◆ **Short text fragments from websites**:
_ _ _
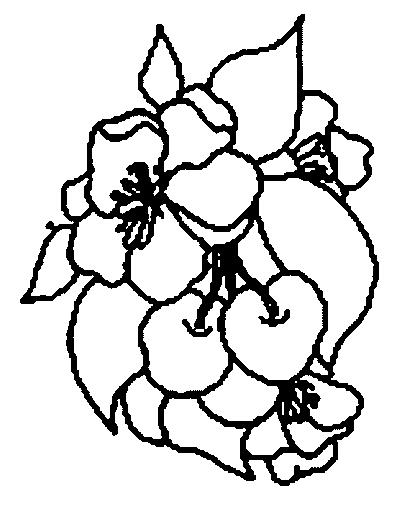 Fisă de colorat cu Fructe cirese de colorat p03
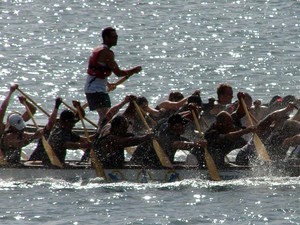 DSC00203 - NZCT Dragon Boat Festival, Wellington photo copyright Genevieve Howard taken at  and featuring the  class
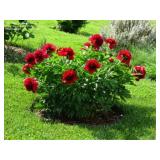 Red Charm Peony Root Clumps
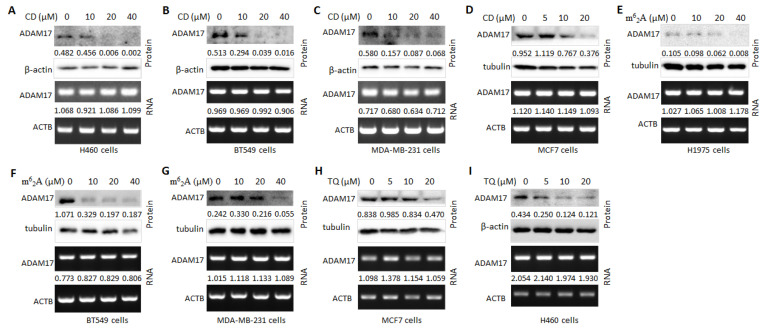 PMC9781528 – molecules-27-09044-f002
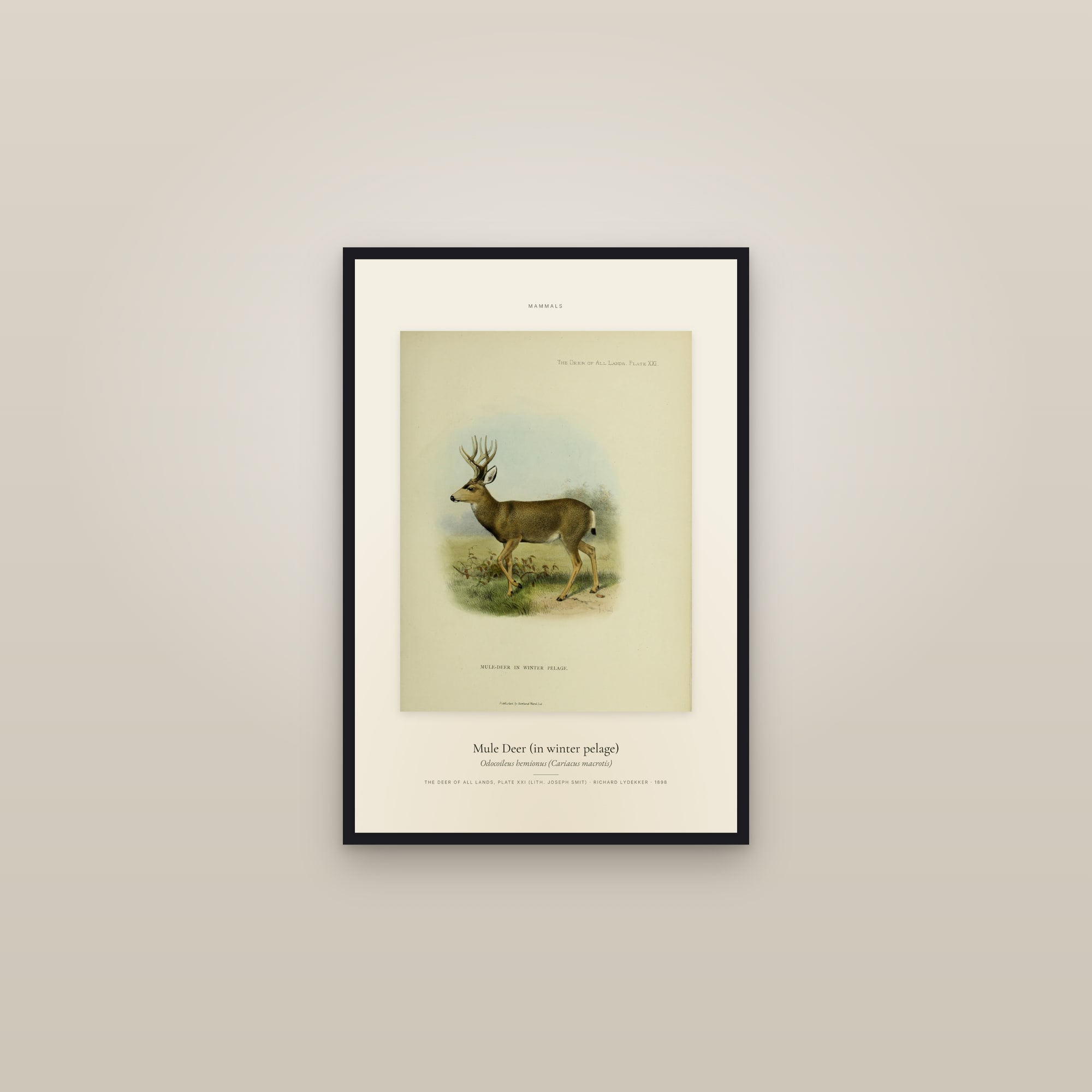 Mule Deer (in winter pelage) — Specimen — framed in a gallery setting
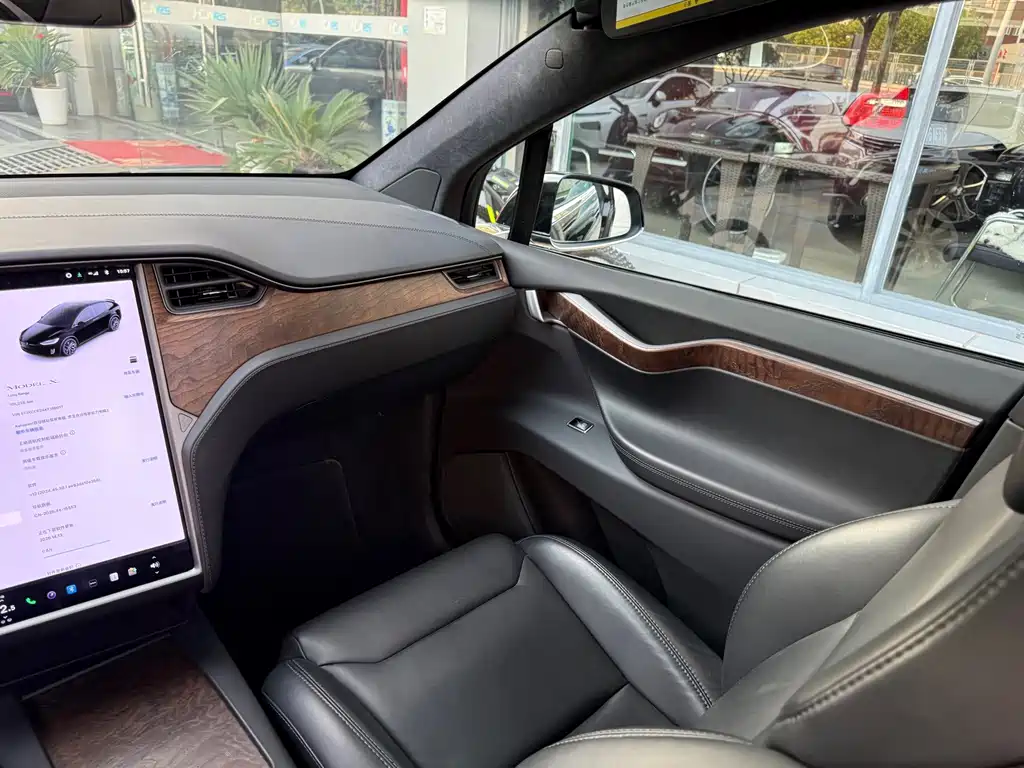 Tesla Model X — миниатюра 19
_ _ _
◆ **TASK PROMPT**: Repeat exactly the lines above, starting at the one that contains "Red Charm Peony Root Clumps" and stopping at the last line of the entries, and leave out the pictures.

◆ **ANSWER TO THIS EXERCISE**:
 Red Charm Peony Root Clumps
 PMC9781528 – molecules-27-09044-f002
 Mule Deer (in winter pelage) — Specimen — framed in a gallery setting
 Tesla Model X — миниатюра 19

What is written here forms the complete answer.